_What you are asked to do_
Without carrying over a single picture, write out the records below exactly.

_Input material_

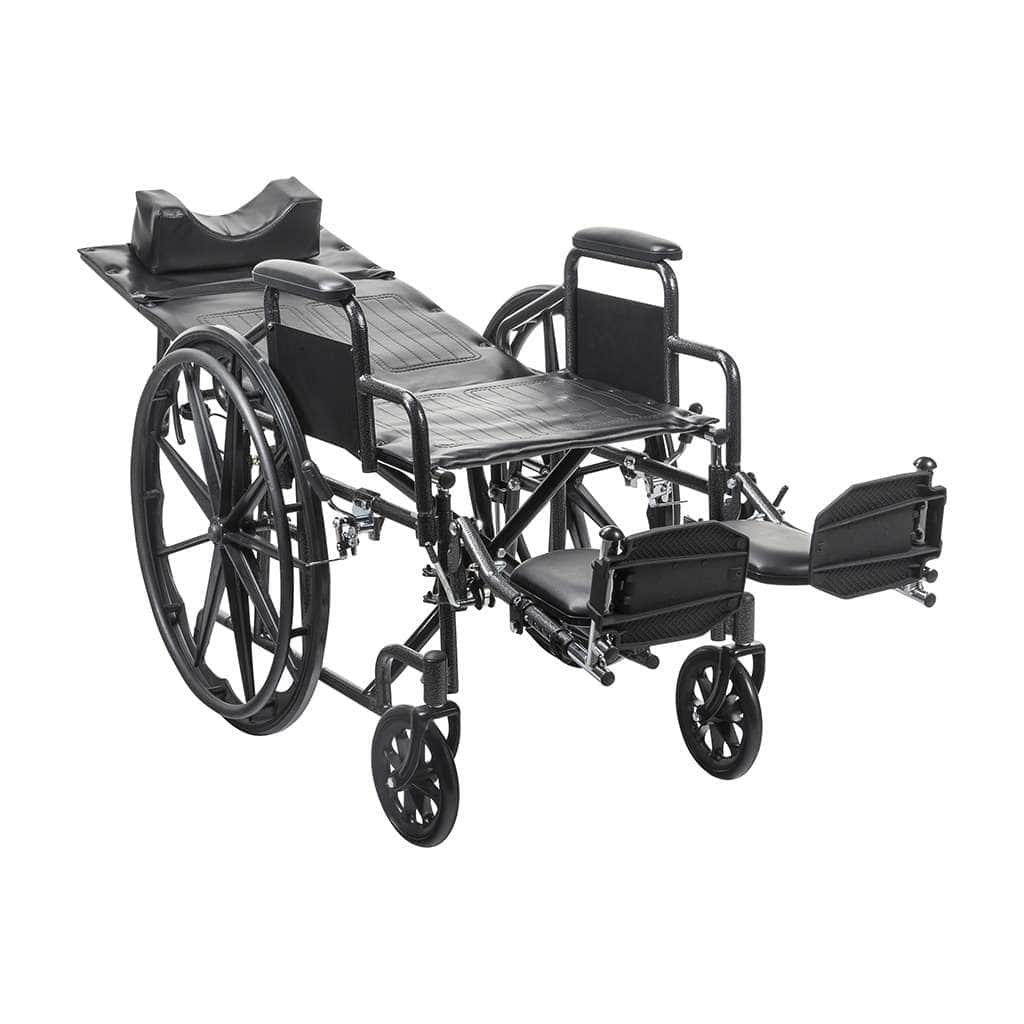 Drive Medical silver sport full reclining wheelchair with Vinyl Upholstery - Image 3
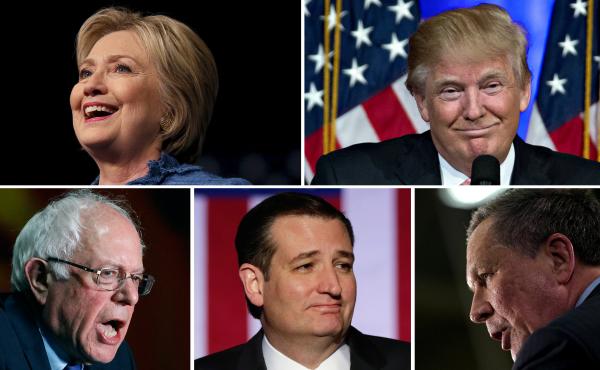 Clockwise from top left: Hillary Clinton, Donald Trump, John Kasich, Ted Cruz and Bernie Sander Clockwise from top left: Hillary Clinton, Donald Trump, John Kasich, Ted Cruz and Bernie Sander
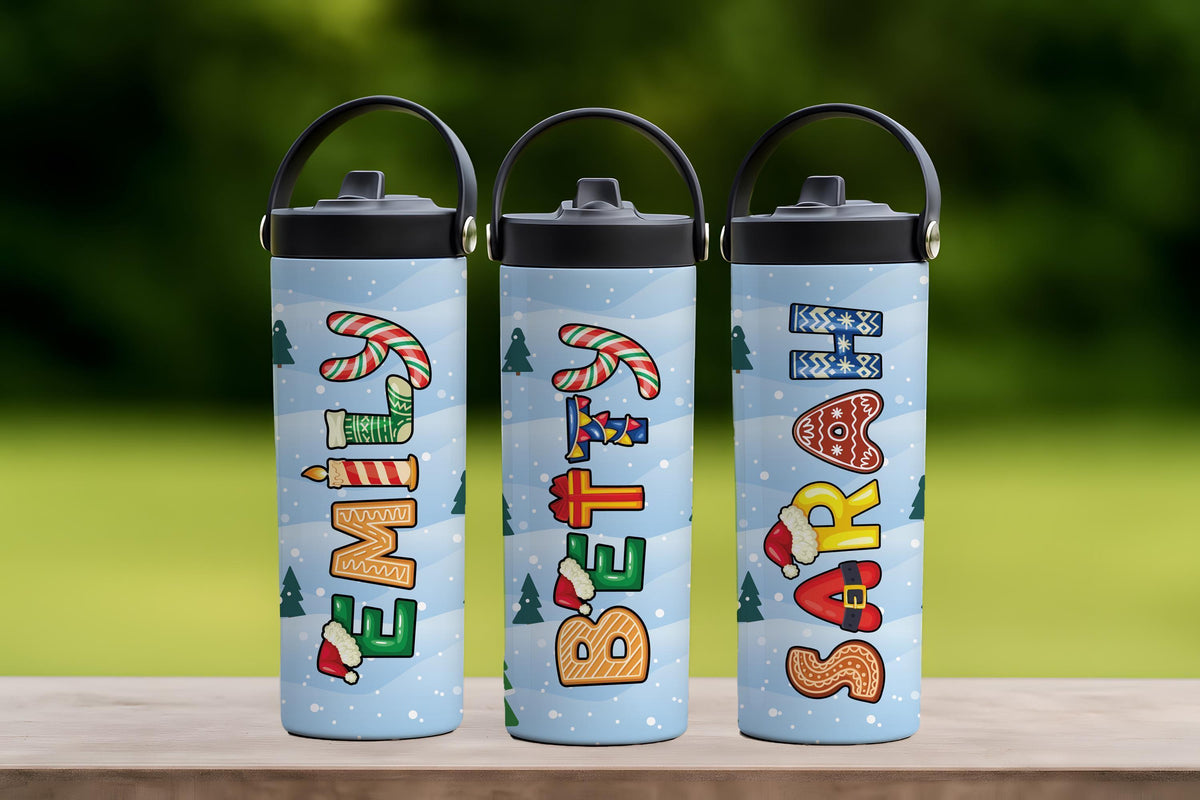 Custom Name Christmas Pattern Letters Kids Flask, Xmas Holiday Gift For School Tumbler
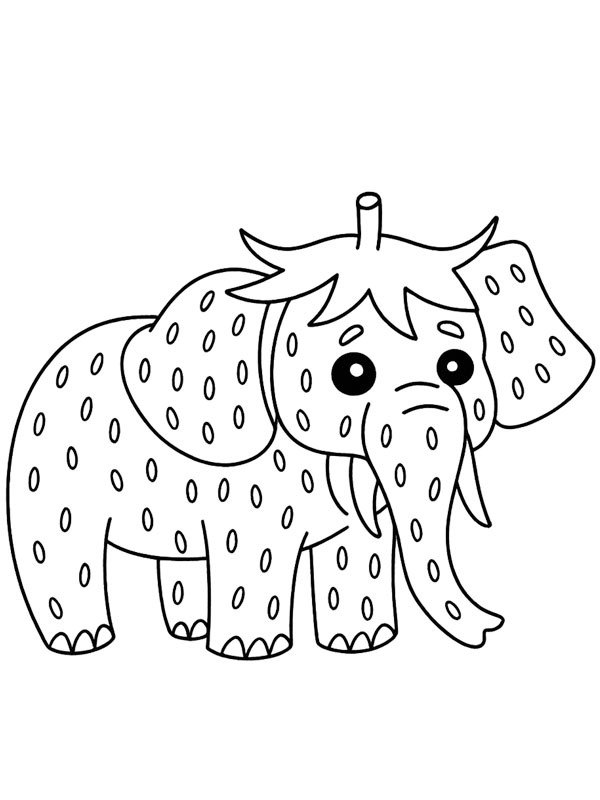 Strawberry Elephant Colouring page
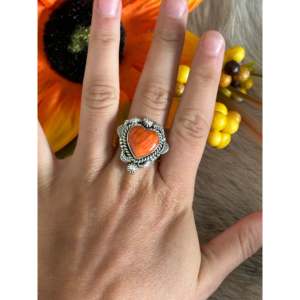 Bague Cœur en Huître Épineuse Plaqué Or Rose, Faite à la Main en Argent Sterling, Réglable, Cadeau - Product Image 2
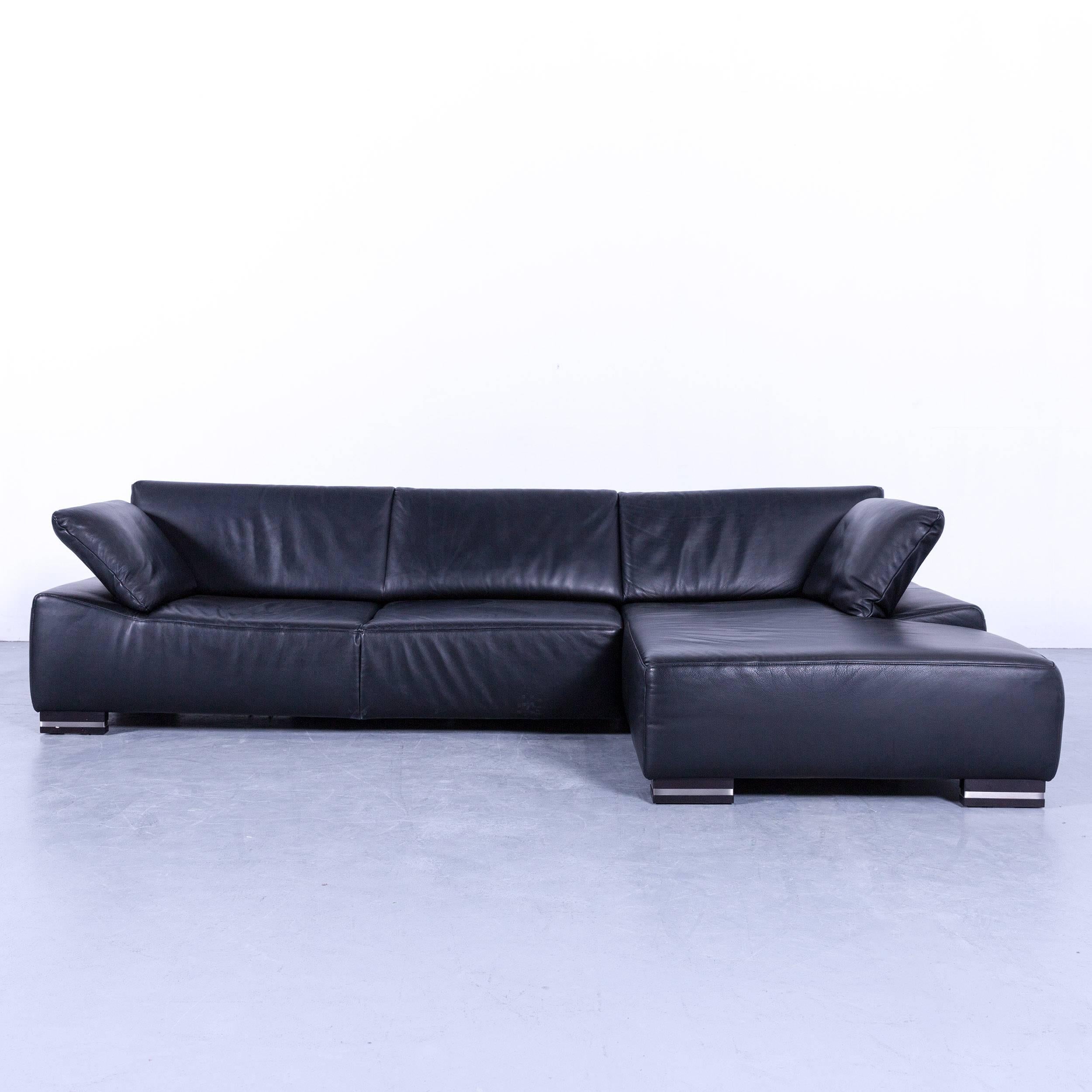 German Ewald Schillig Bentley Designer Corner Couch Leather Black Funktion Neck Rest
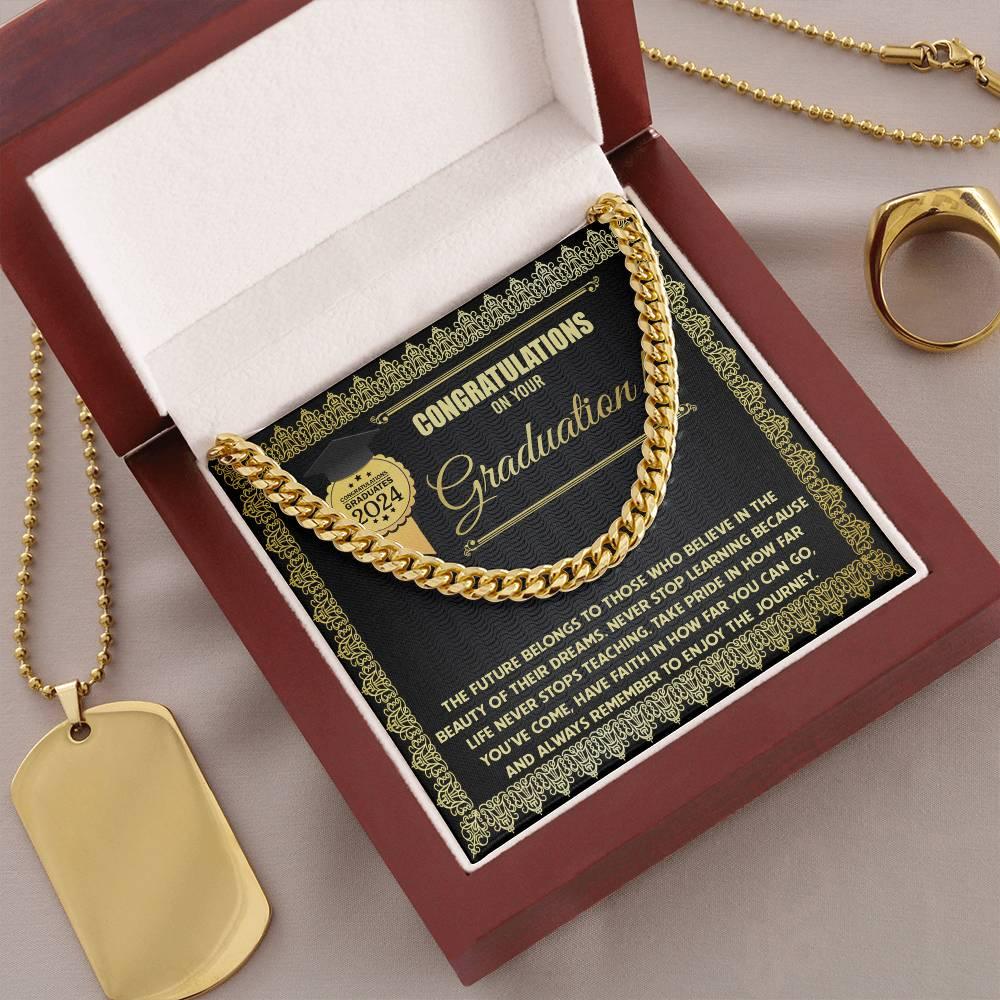 Graduation Gift for Him Take Pride in How Far You Have Come Cuban Chain Link Necklace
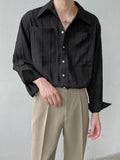 Foesce Men Long-sleeved Shirt Spring Summer Light Mature Korean Solid Blouse Unisex High-end Handsome Luxury Shirt Tops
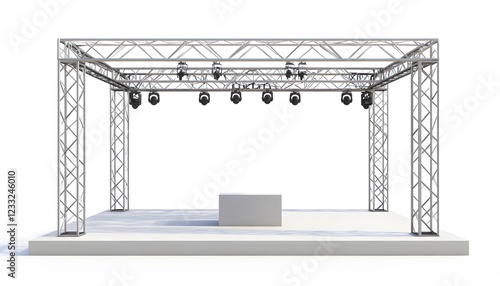 Metal stage lighting truss structure with platform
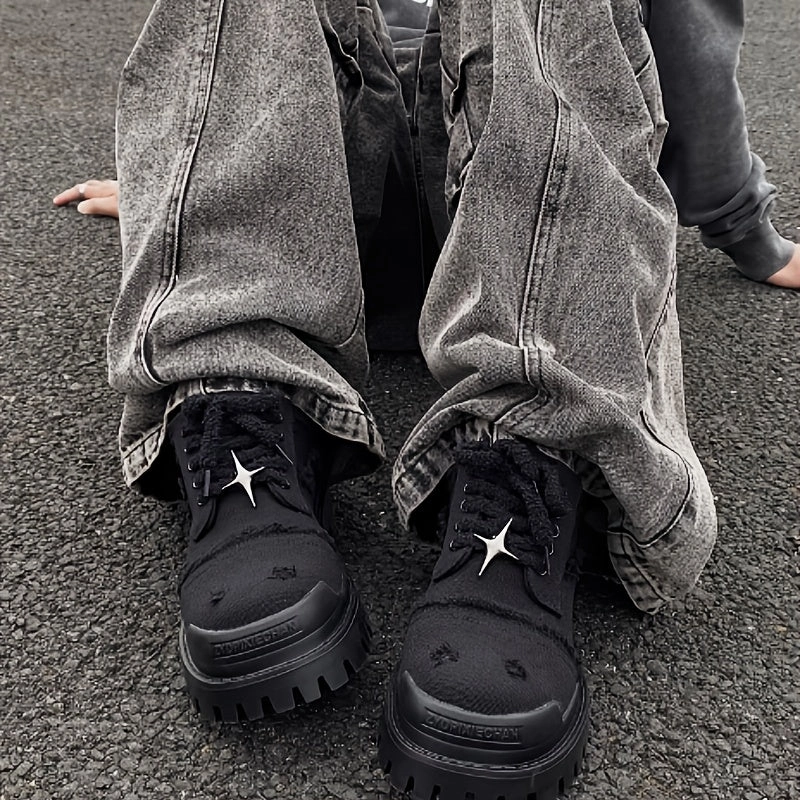 Men's Stylish Star Design Platform Derby Shoes - Casual & Business-Ready, Black with White Rubber Sole, Round Toe, Lace-Up, Perfect for Parties, Outdoor Activities & Everyday Streetwear Reinforced Stitching Compression Molded Foam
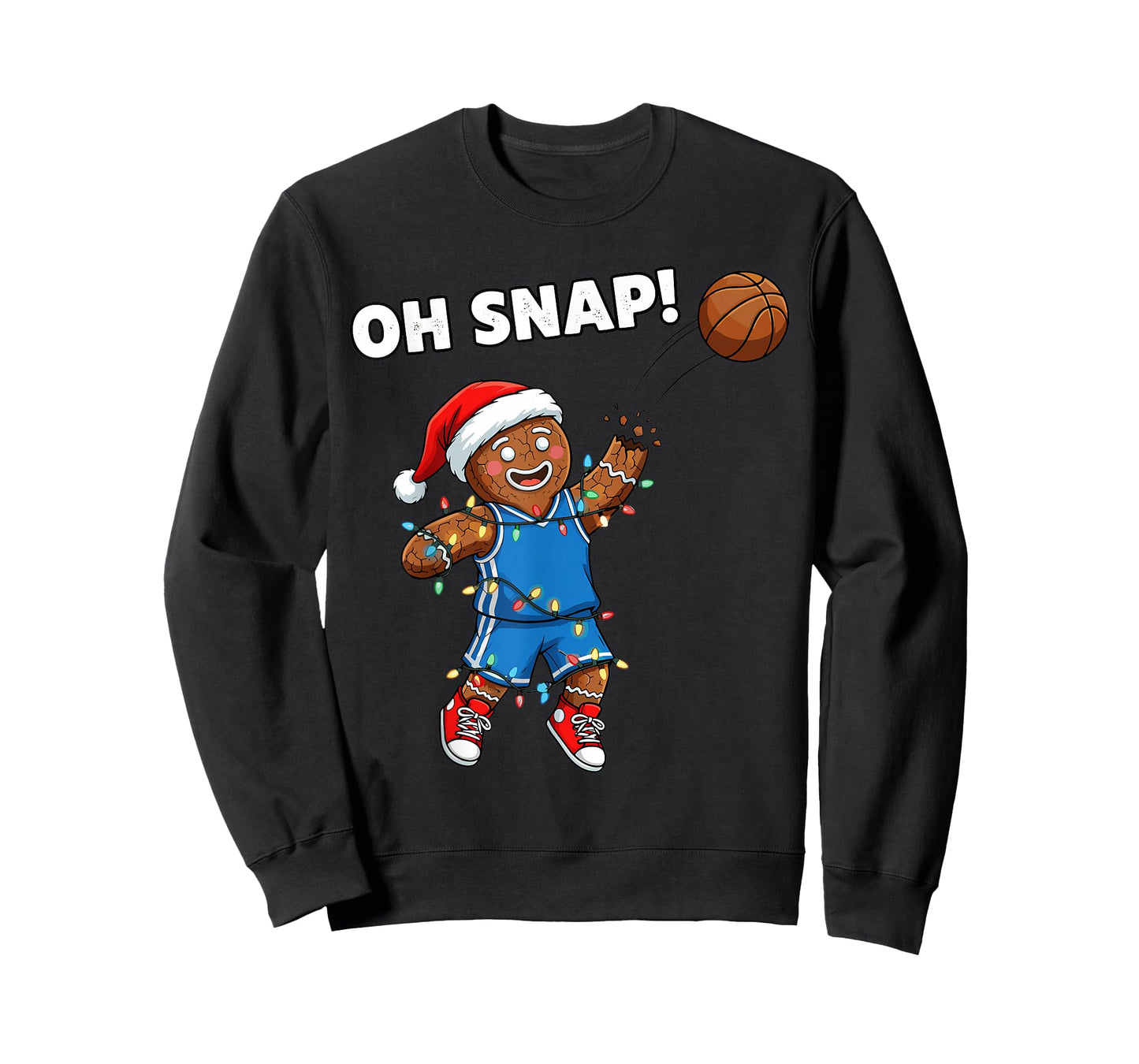 Basketball Christmas Gingerbread Funny Sport Holiday Kids T-Shirt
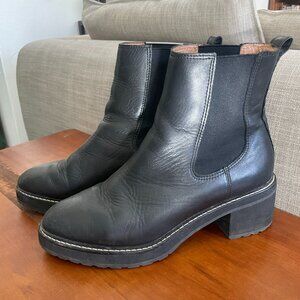 Madewell Size 12 Black Carina Platform Chelsea Boot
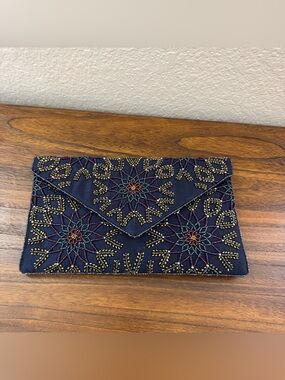 From St Xavier Chan Geo Burst Beaded Clutch New With Tags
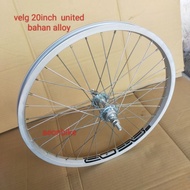 20 inch silver bicycle wheel rim set, united brand, alloy material, mini BMX folding bike wheels, fr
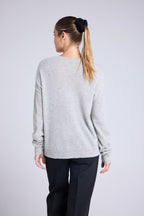 Maglione Scollo a V Oversize Cuciture Manon - Grigio Chiaro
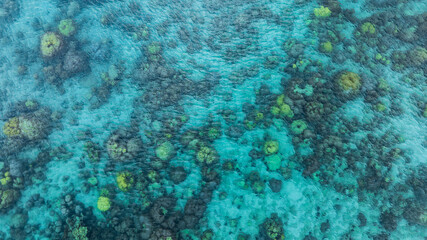 Top view, sandy beach background for summer vacation concept. Nature of beach and summer sea water with sunlight, sparkling sea water, coral reefs, underwater.	
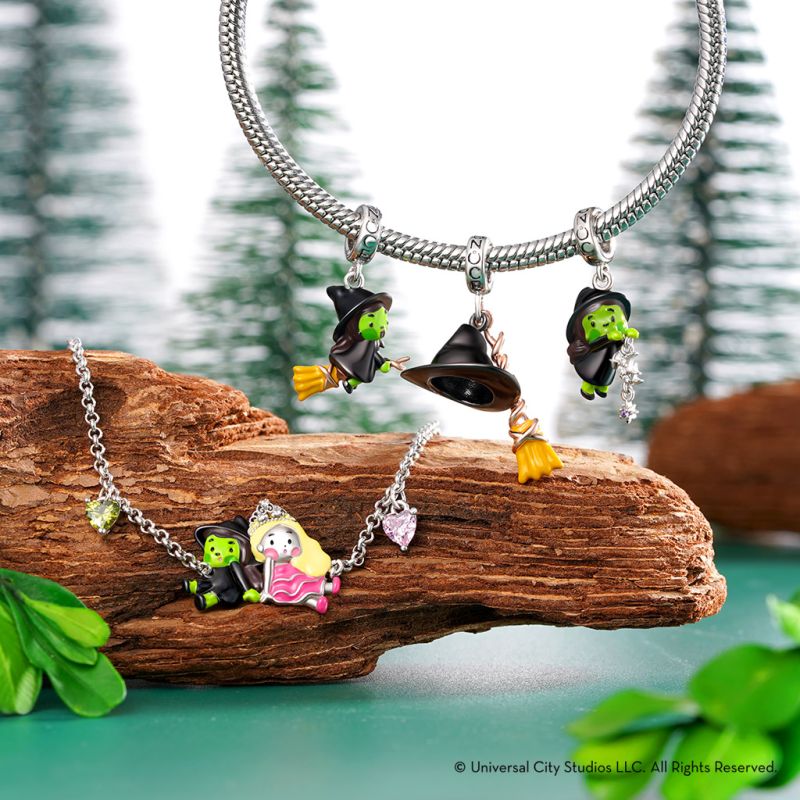 Wicked Elphaba on Broom Pendant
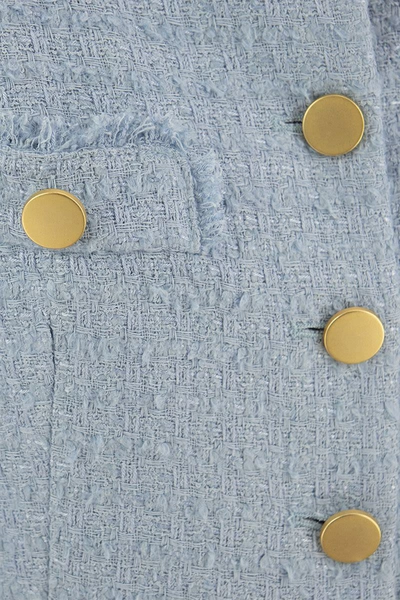 Shop Tagliatore Rosy - Cropped Tweed Jacket In Blue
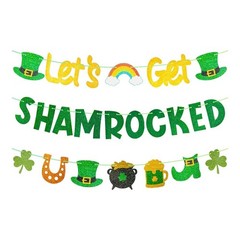 St. Patrick’s Day Decorations Kit with Lucky Banner, Hanging Swirls, Glitter Sha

_Response box_
 Drive Medical silver sport full reclining wheelchair with Vinyl Upholstery - Image 3
 Clockwise from top left: Hillary Clinton, Donald Trump, John Kasich, Ted Cruz and Bernie Sander Clockwise from top left: Hillary Clinton, Donald Trump, John Kasich, Ted Cruz and Bernie Sander
 Custom Name Christmas Pattern Letters Kids Flask, Xmas Holiday Gift For School Tumbler
 Strawberry Elephant Colouring page
 Bague Cœur en Huître Épineuse Plaqué Or Rose, Faite à la Main en Argent Sterling, Réglable, Cadeau - Product Image 2
 German Ewald Schillig Bentley Designer Corner Couch Leather Black Funktion Neck Rest
 Graduation Gift for Him Take Pride in How Far You Have Come Cuban Chain Link Necklace
 Foesce Men Long-sleeved Shirt Spring Summer Light Mature Korean Solid Blouse Unisex High-end Handsome Luxury Shirt Tops
 Metal stage lighting truss structure with platform
 Men's Stylish Star Design Platform Derby Shoes - Casual & Business-Ready, Black with White Rubber Sole, Round Toe, Lace-Up, Perfect for Parties, Outdoor Activities & Everyday Streetwear Reinforced Stitching Compression Molded Foam
 Basketball Christmas Gingerbread Funny Sport Holiday Kids T-Shirt
 Madewell Size 12 Black Carina Platform Chelsea Boot
 From St Xavier Chan Geo Burst Beaded Clutch New With Tags
 20 inch silver bicycle wheel rim set, united brand, alloy material, mini BMX folding bike wheels, fr
 Maglione Scollo a V Oversize Cuciture Manon - Grigio Chiaro
 Top view, sandy beach background for summer vacation concept. Nature of beach and summer sea water with sunlight, sparkling sea water, coral reefs, underwater.	
 Wicked Elphaba on Broom Pendant
 Shop Tagliatore Rosy - Cropped Tweed Jacket In Blue
 St. Patrick’s Day Decorations Kit with Lucky Banner, Hanging Swirls, Glitter Sha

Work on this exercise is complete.